Yep. It is beter to be healthy and wealthy rather then poor and sick ;-)


----------



## Downunder Bob (Jan 5, 2021)

A simple work around could be to wire it up through a start/run switch put a 30 or even 35A fuse in the start side and then switch to run using your 20A breaker.


----------



## Flyinfool (Jan 5, 2021)

We have one machine at work that has a 1 hp motor, but that poor motor has to start against a tremendous load, I have measured it at an 80 A spike while starting, Granted that spike only lasts a couple of milliseconds, and it has never yet popped a 15A household breaker. Buy the time the motor makes a half of a revolution, the starting load is gone. Your cyclone can take a second or more to get up to speed All that time it can be drawing more than FLA of 22A. That may just be to much for the breaker. Efficiency of the motor makes that 3HP at 22FLA believable.

Another thing you can do is to measure the amp draw while running under worst case scenario, Maybe that motor is bigger than needed for the job?

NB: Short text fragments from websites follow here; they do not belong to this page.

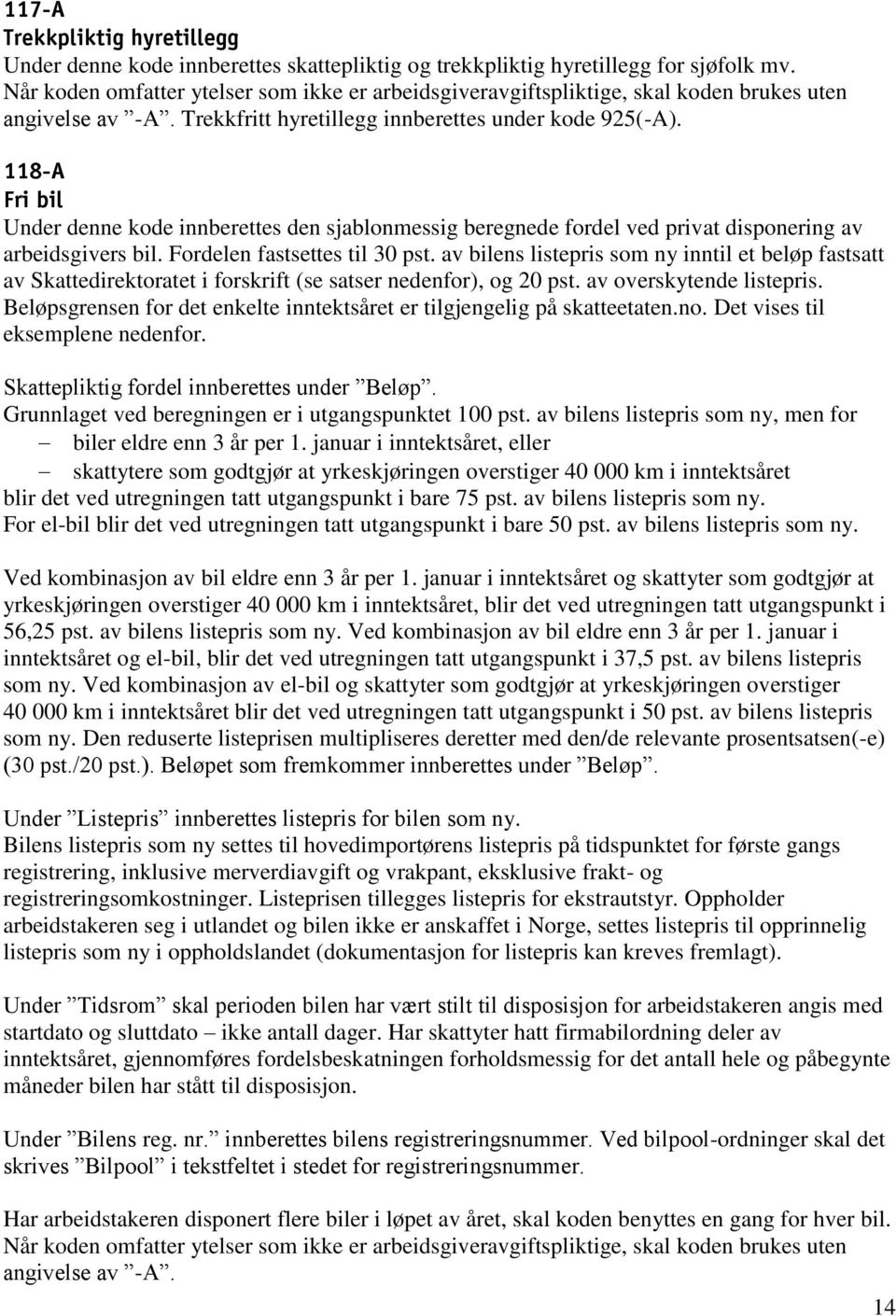 118-A Fri bil Under denne kode innberettes den sjablonmessig beregnede fordel ved privat disponering av arbeidsgivers bil. Fordelen fastsettes til 30 pst.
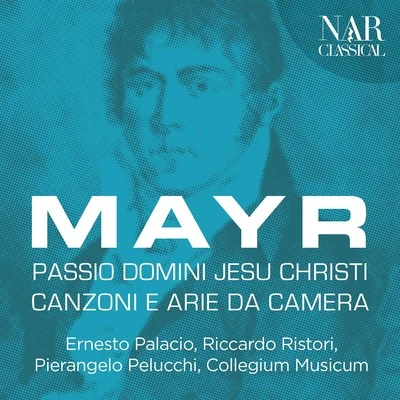 Ernesto Palacio Mayr: Passio Domini Jesu Christi, Canzoni e arie da camera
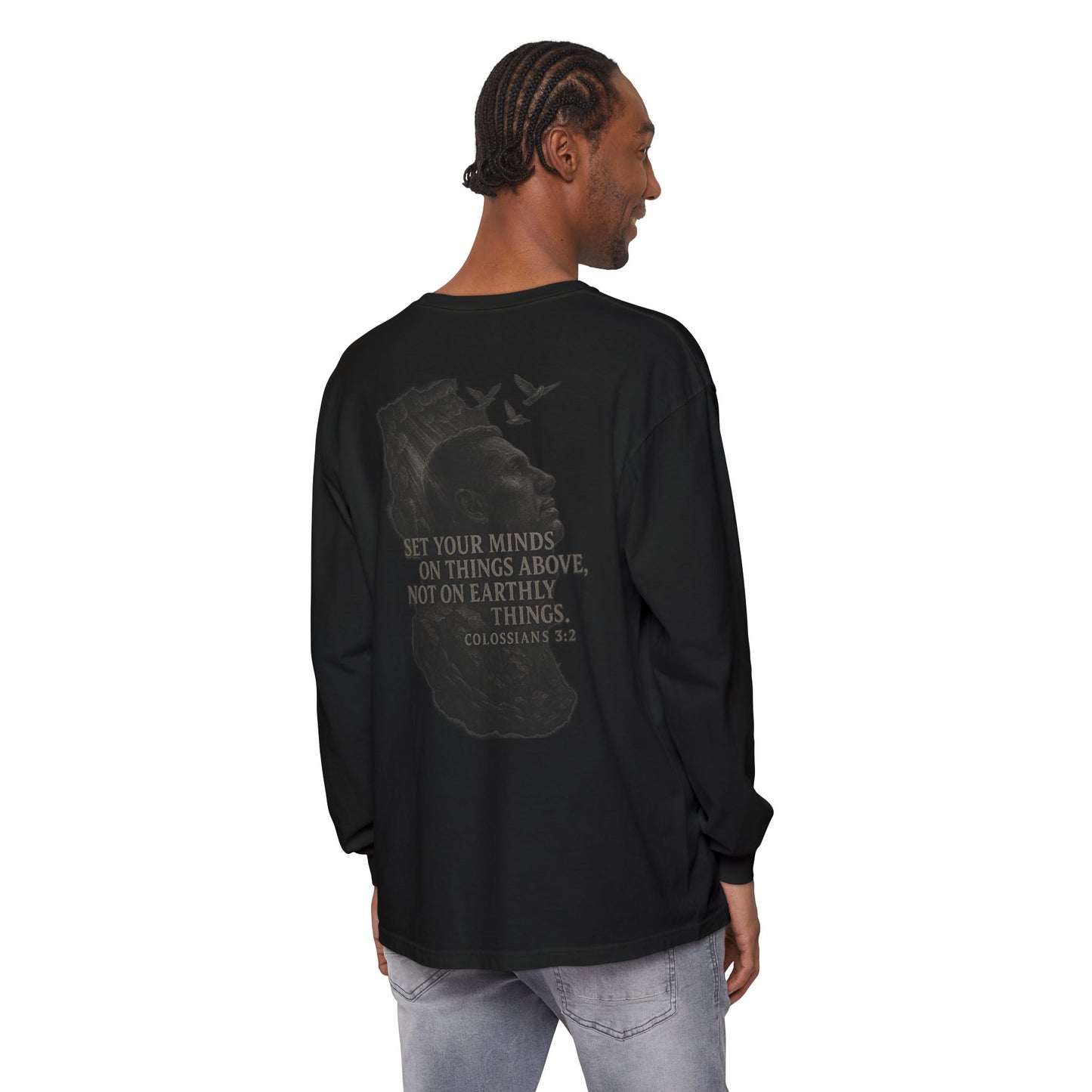 Set Your Minds on Things Above Long Sleeve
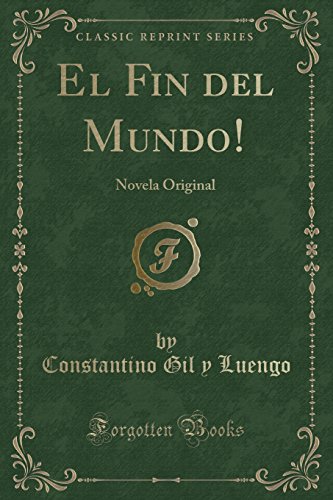 Beispielbild fr El Fin del Mundo Novela Original Classic Reprint zum Verkauf von PBShop.store US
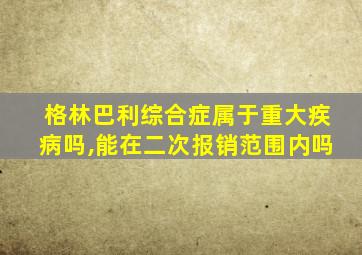 格林巴利综合症属于重大疾病吗,能在二次报销范围内吗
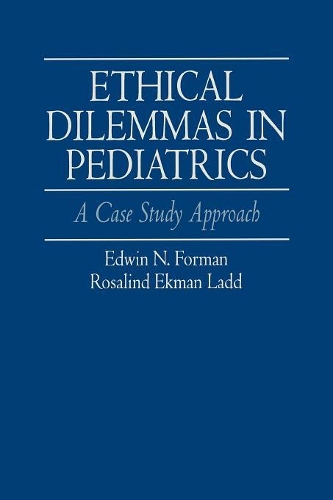 Бумажная книга «Ethical Dilemmas in Pediatrics: A Case Study Approach», авторов Эдвин Форман, Розалинд Лэдд - фото №1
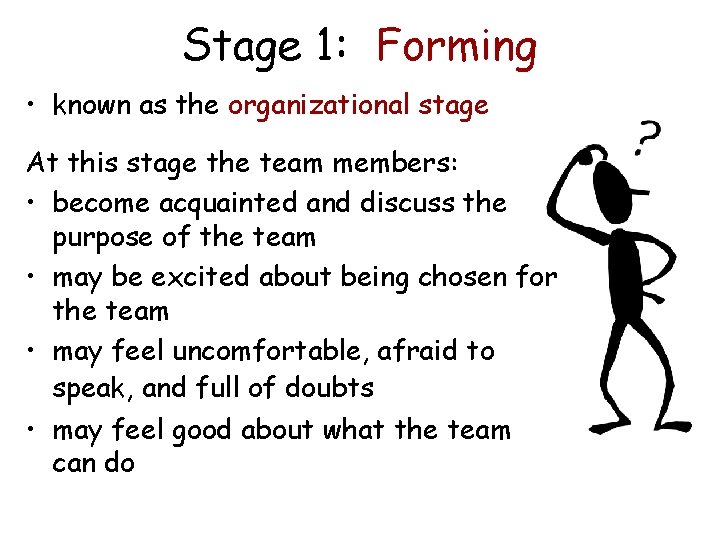 Stage 1: Forming • known as the organizational stage At this stage the team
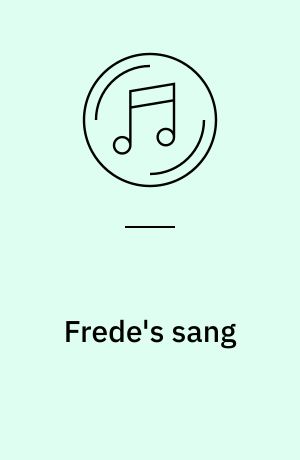 Frede's sang og 16 andre glade og populære børnesange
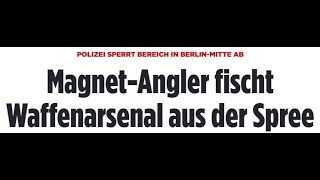 Magnetangler fischt Waffenarsenal aus der Spree! Bombenalarm in Berlin MaScottchen  Co Magnetfischen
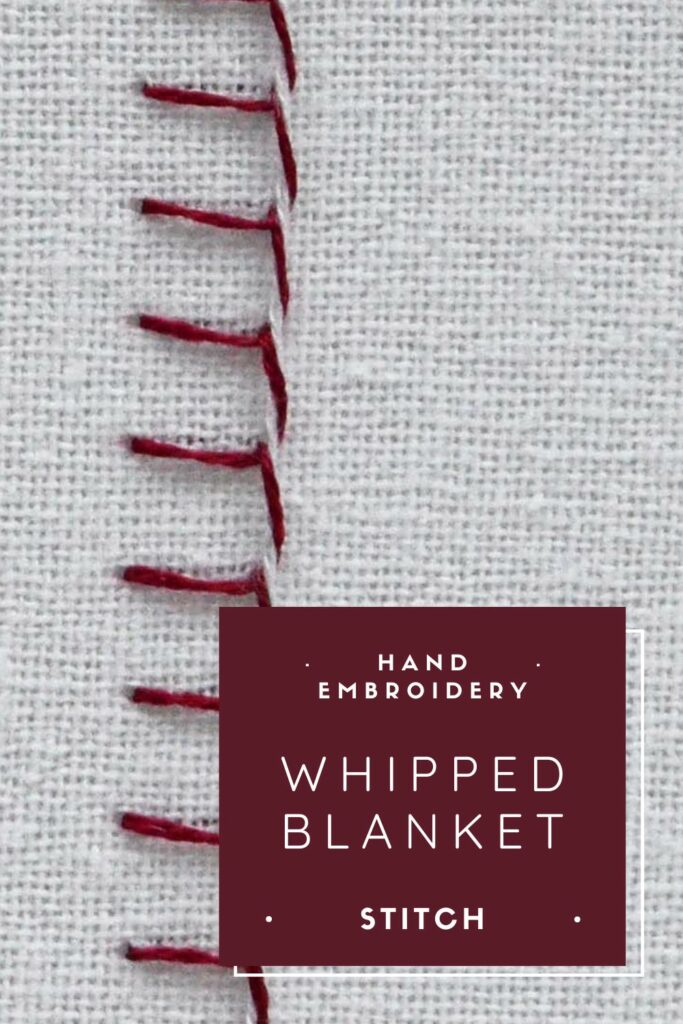 Whipped Blanket Stitch hand embroidery tutorial PIN image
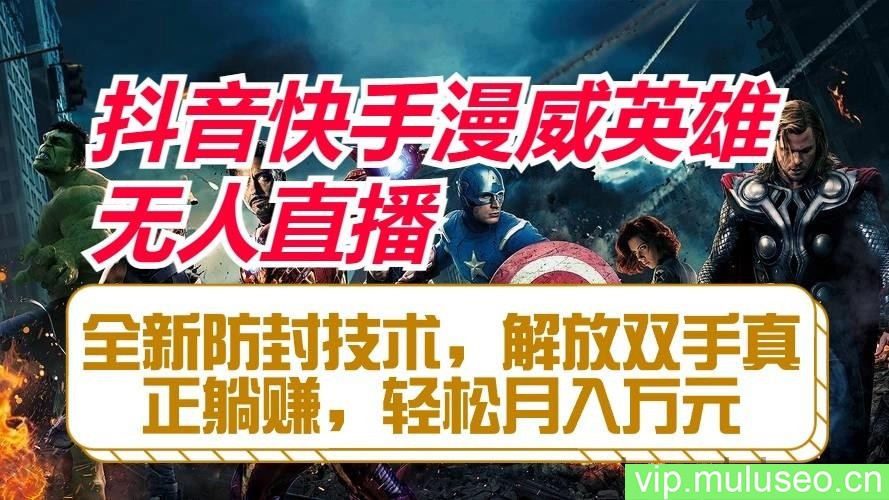 抖音快手漫威英雄无人直播，全新防封技术，解放双手真正躺赚，轻松月入万元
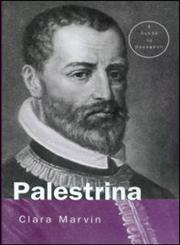 Giovanni Pierluigi Da Palestrina A Guide to Research,0815323514,9780815323518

The cheapest and easyest and safest route is probably to rewire to a proper 30A circuit and have it done right and safe with no bandaids.


----------



## RJSakowski (Jan 5, 2021)

To control inrush current, I have used a varistor.  A varistor is a resistor with a negative temperature coefficient. They are most commonly used to limit inrush current to switching power supplies.   At start, when the varistor  is at room temperature, its resistance is high, limiting current.  It quickly heats up which drops the resistance to a fraction of a percent of the cold value.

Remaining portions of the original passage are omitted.